The Apollo Sauroctonos. A Roman copy of a statue by Praxiteles (IV Century BCE). This is Apollo as  hunter, as killer of lizards and pythons. The hair is shorter, and tied with a string
Possibily a bronze Praxiteles original. Again, note the similarities in the hairstyle
The Lycian Apollo. Another Roman copy of a Praxitels original. This is a snake-slayer Apollo, and the again the shorter hair shows it. The locks on top of the forehead are similar to the Belvedere Apollo, though.
A late roman mosaic depicting Apollo as Phoebus, the sun god.

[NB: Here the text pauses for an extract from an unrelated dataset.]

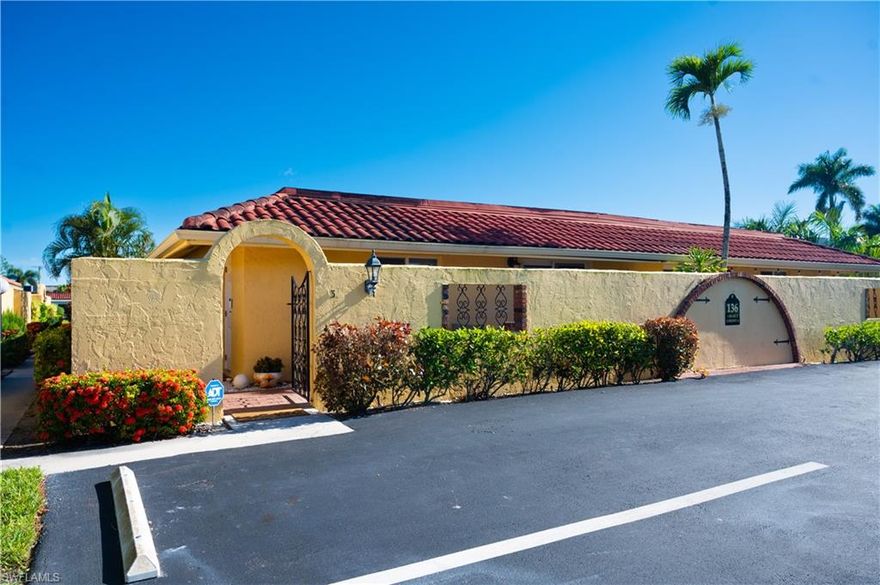 Say hello to this fully turnkey 2-bedroom, 2-bathroom Spanish-style villa with all the updates you’ve been hoping for. Inside, you’ll find a fully renovated kitchen with soft-close wood cabinets  plus new electrical, new plumbing, fresh paint, updated vanities, and stylish vinyl flooring throughout. This villa offers exceptional storage—with two outdoor spaces for your golf clubs, beach chairs, and bikes, an oversized walk-in closet, and three additional linen-style closets to keep everything organized and out of sight. Comfort comes easy with ceiling fans in every room, a smart thermostat, keypad entry, and an ADT security system. Step outside to the wrap-around lanai, a private retreat perfect for lounging, entertaining, or simply enjoying the breeze. This unit is steps away from the 19th Hole Restaurant (dine in or carry out), golf shop and main pool area. In the Glades, you’ll have access to two walkable golf courses for exercise, or you can ride for fun (par 55 and par 70), along with pickleball, tennis, bocce, shuffleboard, and 10 community pools. A cozy library, art classes, bingo, dinner dances, cards, karaoke, and more; The maintenance fees cover golf green fees, water, sewer, trash, WIFI, cable, pest control, and more. Plus, you’re minutes to shopping, restaurants, downtown 5th Avenue in Naples, and the Gulf beaches — so whether you’re unwinding, staying active, or exploring, it’s all within easy reach. Don't miss out on this updated, move-in ready villa, set in a community where there’s always something to do.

Still a head full of hair, but in addition, the god has an aureole. It's not something particularly surprising, it had been an attribute of Apollo for centuries, predating the traditional depiction of Christian Saints and Angels
This is not Apollo at all, but a fourth century A.D. depiction of Somebody else. Note the similarities with the other Apollos, anyway.
Oh, and by the way, my nickname is not directly related to Apollo... It's part of an anagram of my real name I used on a very old Linux machine a decade ago, and it's also an hommage to ...Elio (i.e. Helios, the Sun), one of my favourite singers

2 comments:

  1. I love you for doing this. Really interesting.